== WHAT IS REQUIRED ==
The lines below, from the one containing "Vacuum machine Mini-vac - Vac-Star" through the one containing "26MT160 IOR 25A, 1600V", should be set down exactly, with no pictures and nothing else.

== GIVEN RECORDS ==
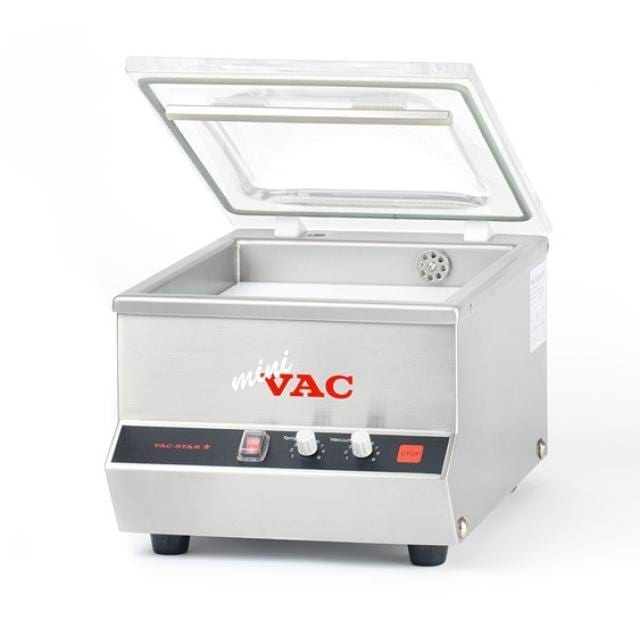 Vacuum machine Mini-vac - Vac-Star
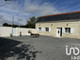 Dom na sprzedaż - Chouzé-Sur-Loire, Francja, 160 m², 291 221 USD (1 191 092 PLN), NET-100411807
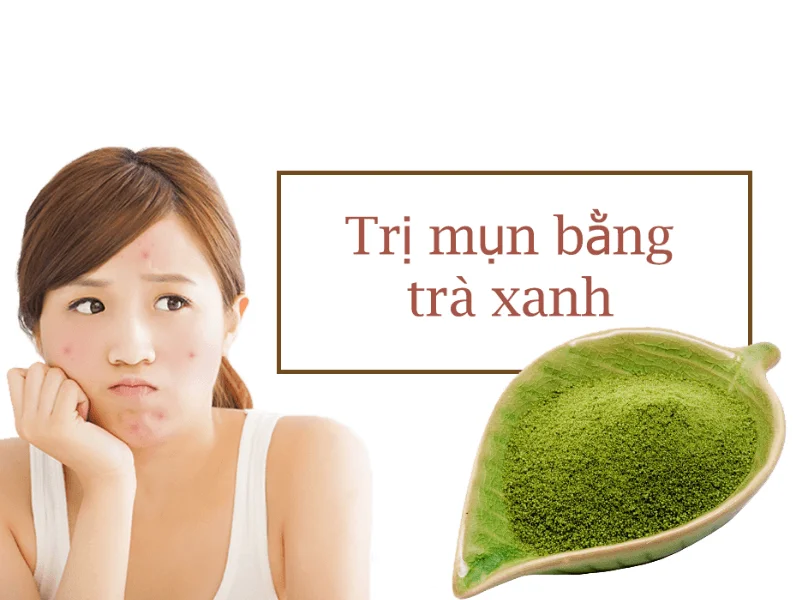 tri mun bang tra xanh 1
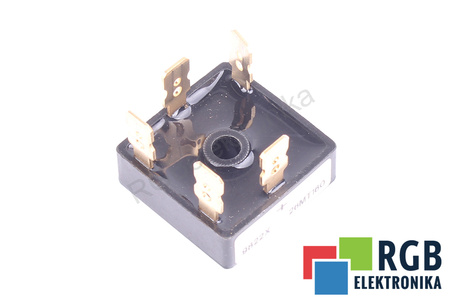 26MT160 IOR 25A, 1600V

* * *

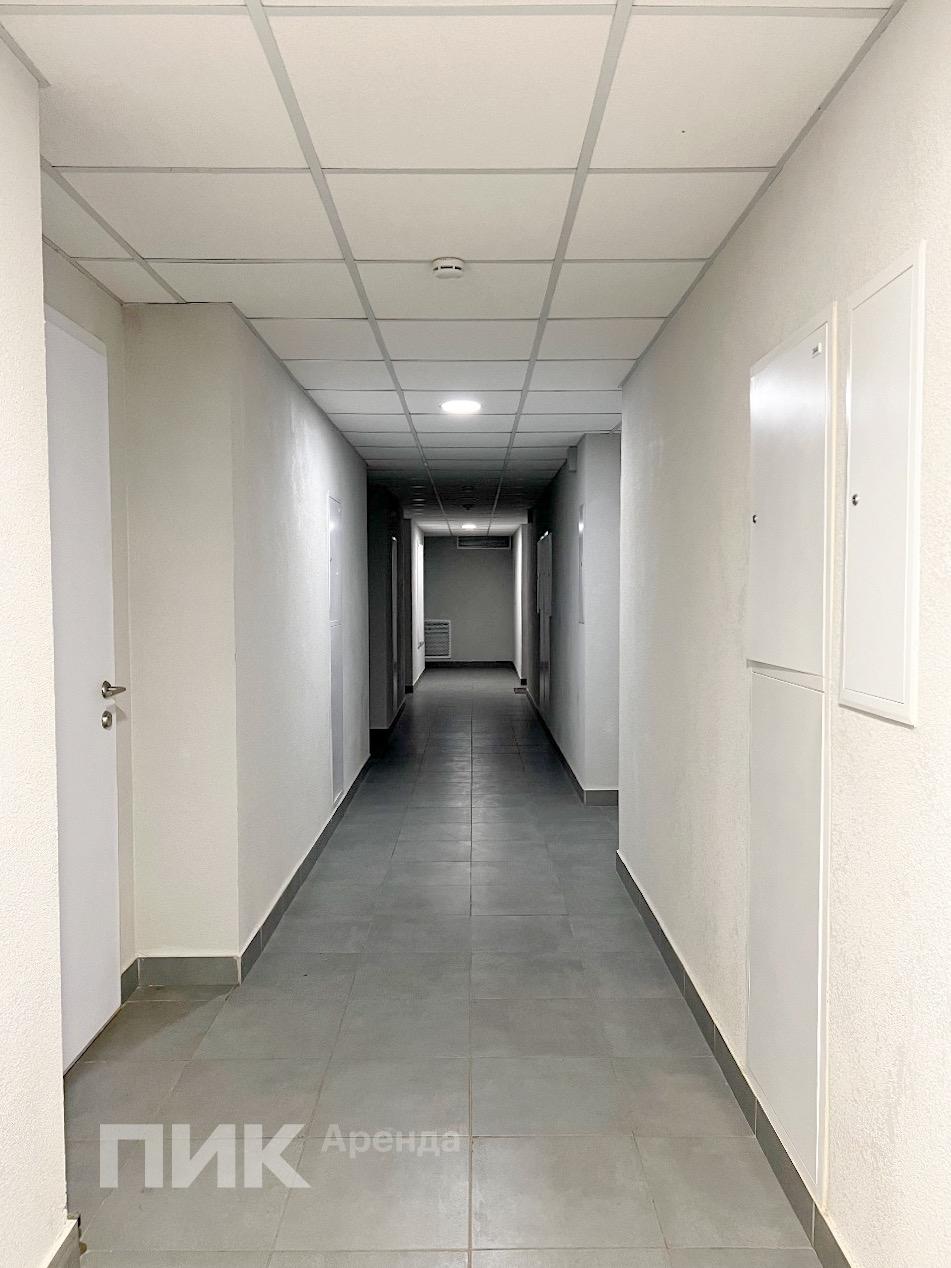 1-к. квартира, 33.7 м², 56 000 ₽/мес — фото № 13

---

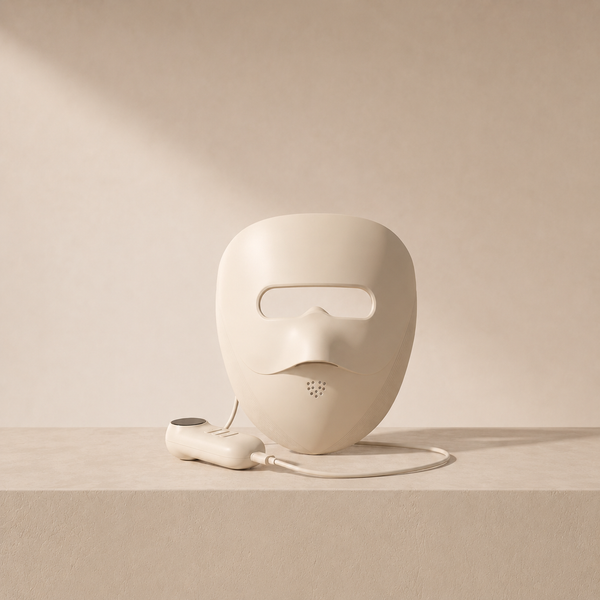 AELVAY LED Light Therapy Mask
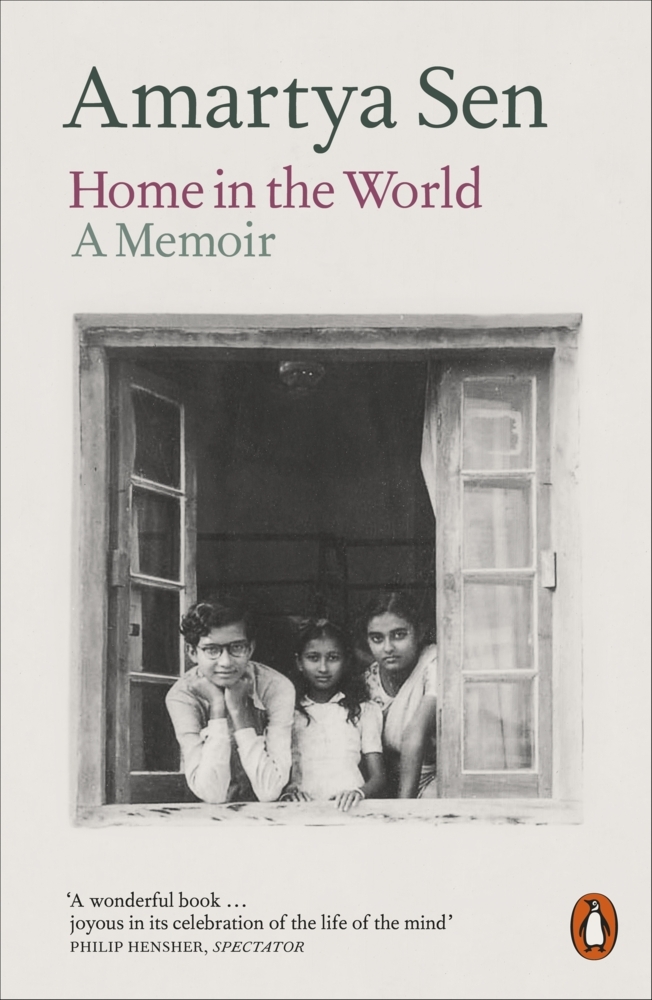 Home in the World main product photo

== RESPONSE FOR THIS EXERCISE ==
 Vacuum machine Mini-vac - Vac-Star
 Dom na sprzedaż - Chouzé-Sur-Loire, Francja, 160 m², 291 221 USD (1 191 092 PLN), NET-100411807
 tri mun bang tra xanh 1
 26MT160 IOR 25A, 1600V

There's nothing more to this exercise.